Turns out doctors and lawyers and professionals probably wouldn’t be caught dead with this band of effete “warriors.” At least that’s how the Los Angeles Times tells the story:

Mostly in their 20s and 30s, they have known nothing but Kadafi, who has held power for more than four decades…
They live public lives on Facebook and Twitter, love rap music, “Dancing With the Stars” and “American Idol.” They communicate by text message — at least they did until Kadafi family members who own Libya’s cell networks cut most service to eastern Libya.
Too bad about that cell network being down. That undoubtedly hampers the rebels’ efforts to vote for their favorite American Idol. Please do not call until the show is over.
When they should be shooting at the enemy, they shoot souvenir photos and videos on cellphones and point-and-shoot pocket cameras. Many of them commute to the front, driving their dusty cars back home to rest and freshen up…
They drive home to freshen up? Oh, yeah, this war is going to go well.
Most of the fighters know nothing of guns because the weapons were banned under Kadafi. Getting caught with a gun meant prison or, in some cases, death.
Illicit but alluring, guns are objects of mystery and fascination for the men and boys of eastern Libya. Now that they at last own firearms — looted from government garrisons overrun by protesters in February — the would-be soldiers fire them randomly and wildly. They have wasted thousands of rounds, prompting commanders to begin charging one Libyan dinar (about 80 cents) per bullet.
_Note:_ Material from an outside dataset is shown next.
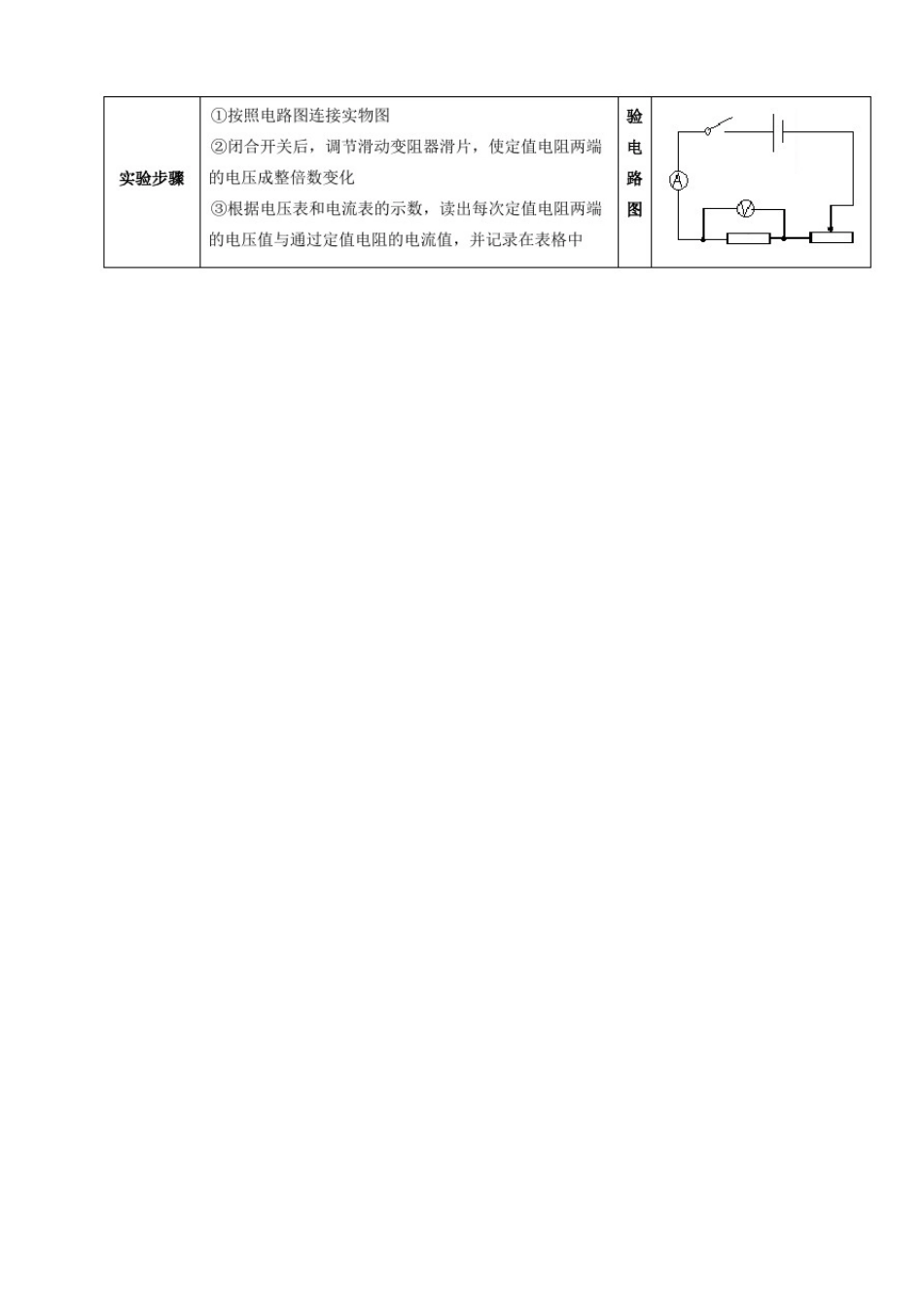 初三物理欧姆定律知识点_第2页
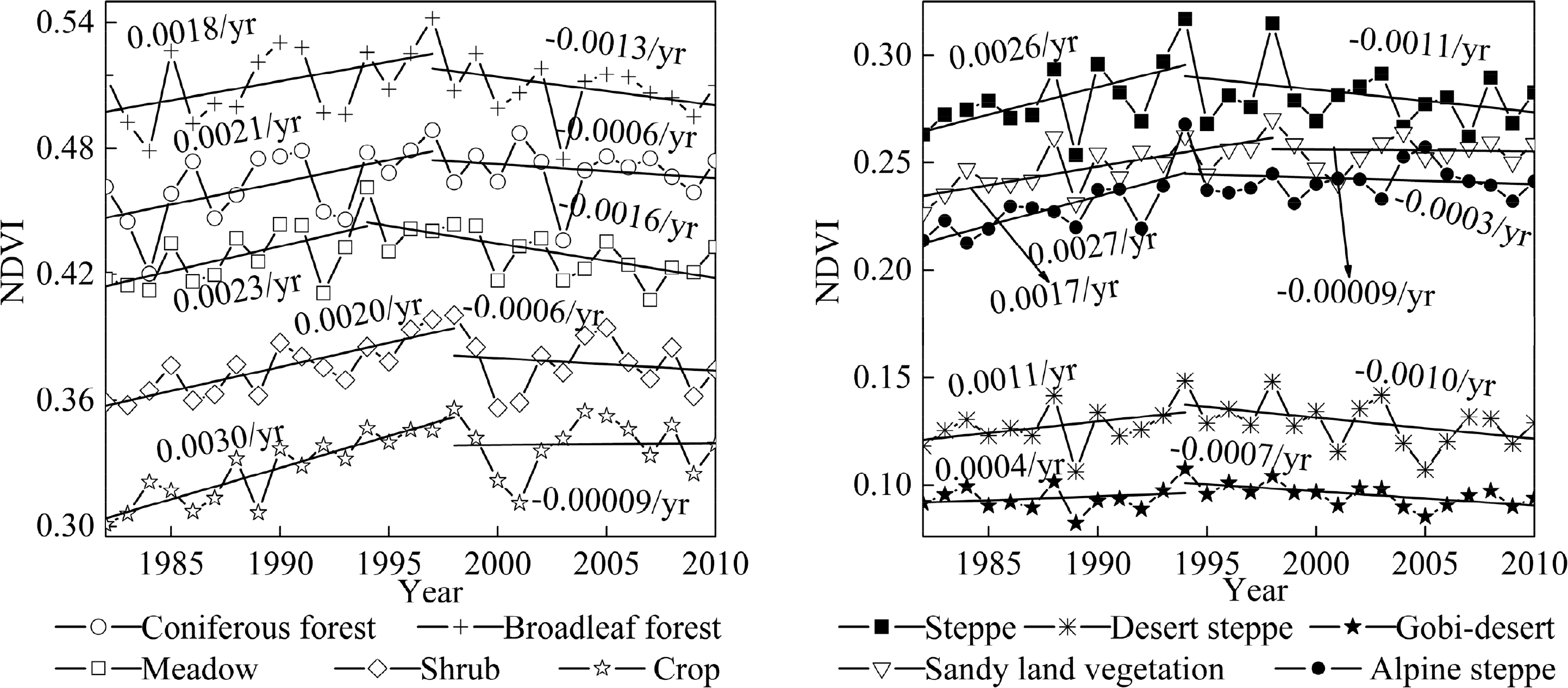 Remotesensing 06 08337f9 1024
“For so long, we wanted guns but could never touch one,” said Ibrahim Ahmad, a 20-year-old who said his mother urged him to find a gun and fight. “Now we want to shoot them all day because it feels so good.”
This is no way to maintain liberal support in America, Ibrahim.
The approved quote was supposed to be, “I don’t kill people. Guns kill people. Shooting this implement of death feels terrible, but I only do it to rid the world of a dictator and for the glory of Barack Obama.”
There. That’s more like it. The check is in the mail.
Source: Los Angeles Times
This post was last modified on January 26, 2021

View Comments (6)
I want to laugh because this sounds like a bad joke.
So let me get this straight. Dinglebarry and his inept minions want to take guns away from Americans and give them to America's enemies, that right? I understand that America's enemies are Dinglebarry's friends, but.....
Not sure why the U.S. uses so much military might in the Middle East to try to show how nice America is and to try to "Americanize" the countries when they could just win over the populace via American television shows.
"the would-be soldiers fire them randomly and wildly"-- often in the air which will not only waste ammo but can, rather has brought upon them NATO strikes because of being mistaken for the enemy firing at NATO planes.
These young guys want to shoot all day because it feels so good? hmmmm is that a mortar round in your pocket or are you just glad to see me?
That young effete rebel in the picture looks like he's checkin' himself out in a mirror. "Do these bullets make me look fat?"